__What to do__
An exact copy is all that is wanted: the lines from the one with "How to Recover" through the end of the listing below, both included, minus any pictures.
* * * * * * *
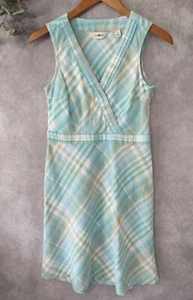 L.L. Bean Women's 4P Petite Blue Green Plaid Linen Blend V-Neck Dress Zipper - Picture 1 of 8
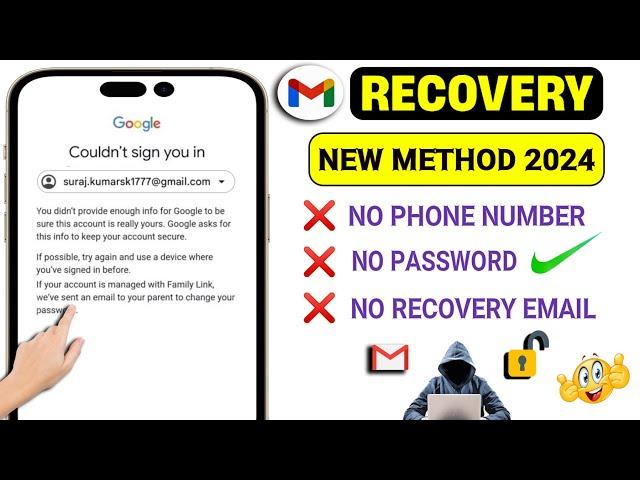 How to Recover Gmail Account without Phone Number and Recovery Email 2024 |! Google Account Recovery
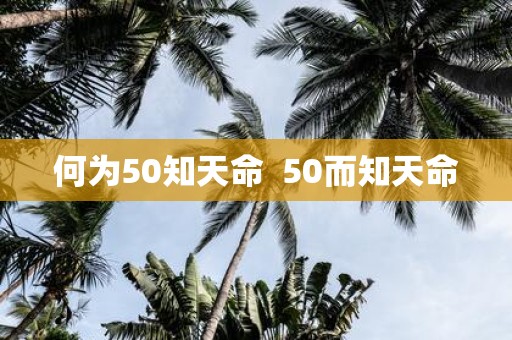 何为50知天命 50而知天命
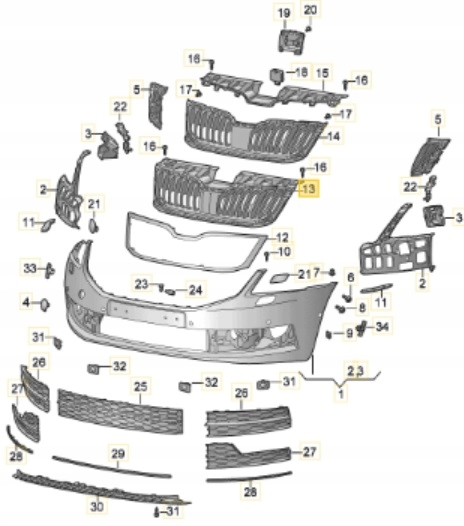 фото №3, Решётка радиатора решётка радиатора skoda octavia 03.2017-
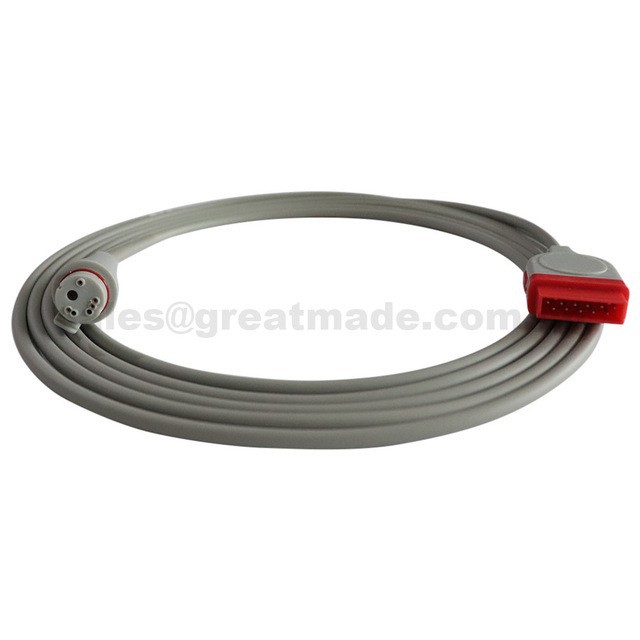 GE Compatible-Edward IBPInvasive Blood Pressure Transducer Adapter Cable,Rect. 11pin Edward-5pin .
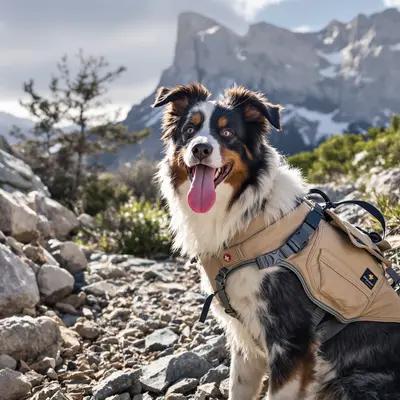 Happy Australian Shepherd on Mountain Hike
* * * * * * *
__Solution for this exercise__
 How to Recover Gmail Account without Phone Number and Recovery Email 2024 |! Google Account Recovery
 何为50知天命 50而知天命
 фото №3, Решётка радиатора решётка радиатора skoda octavia 03.2017-
 GE Compatible-Edward IBPInvasive Blood Pressure Transducer Adapter Cable,Rect. 11pin Edward-5pin .
 Happy Australian Shepherd on Mountain Hike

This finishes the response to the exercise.